They are being allowed to run because now there are 225 seats for single-mandate MPs. You can stop single-mandate candidates from running, of course, but it is fairly difficult.

And it is not that Volodin or someone like him made this decision Let’s be honest. The system has been forced to react this way because it is very afraid of a repetition of the events of 2011–2012. It reacts in its own way, through crackdowns and concessions. We see the crackdowns, but for some reason we put the concessions down to the leadership’s good will, although in itself the leadership’s good will has little significance.

Are these concessions easy for the regime to make?
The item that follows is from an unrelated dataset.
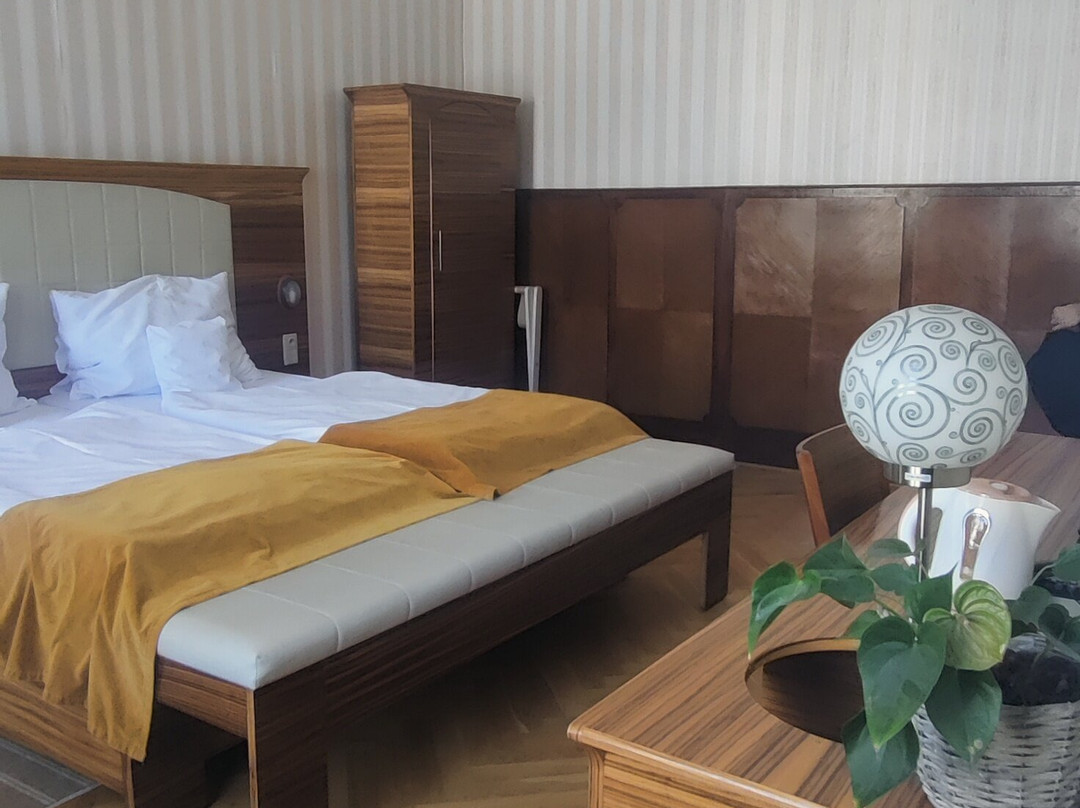 Hotel Okresni Dum主图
On the one hand, they are easy: the system thus ensures its own survival. It adapts and becomes more flexible. It ceases to be rigid. The Soviet totalitarian system was an example of a rigid system. A rigid system cannot adapt and breaks up when it collides with reality. Our system is adaptive, which is simultaneously its virtue and its shortcoming. It is a virtue, because it makes the system more resilient. And that is also its shortcoming. The system is difficult to reform, and it is going nowhere.

On the other hand, authoritarian and quasi-authoritarian systems based on the party principle (meaning there is a ruling party that has been delegated a large number of powers) are the most long-lived. This hurdy-gurdy can last for decades. And it is not even a matter of having a ruling party (Russia has one, too), but that it should be endowed with powers. If our authorities had the presence of mind to transfer part of its powers to the parliament—for example, forming the government on the party principle—it would give the regime another ten years of life.

Why is it happening like this? It is a chance to implement a certain personnel boost so the regime does not look so old and boring. A democratization of sorts, but within reasonable limits. Autocracies like to imitate democratic institutions because their survival depends on it.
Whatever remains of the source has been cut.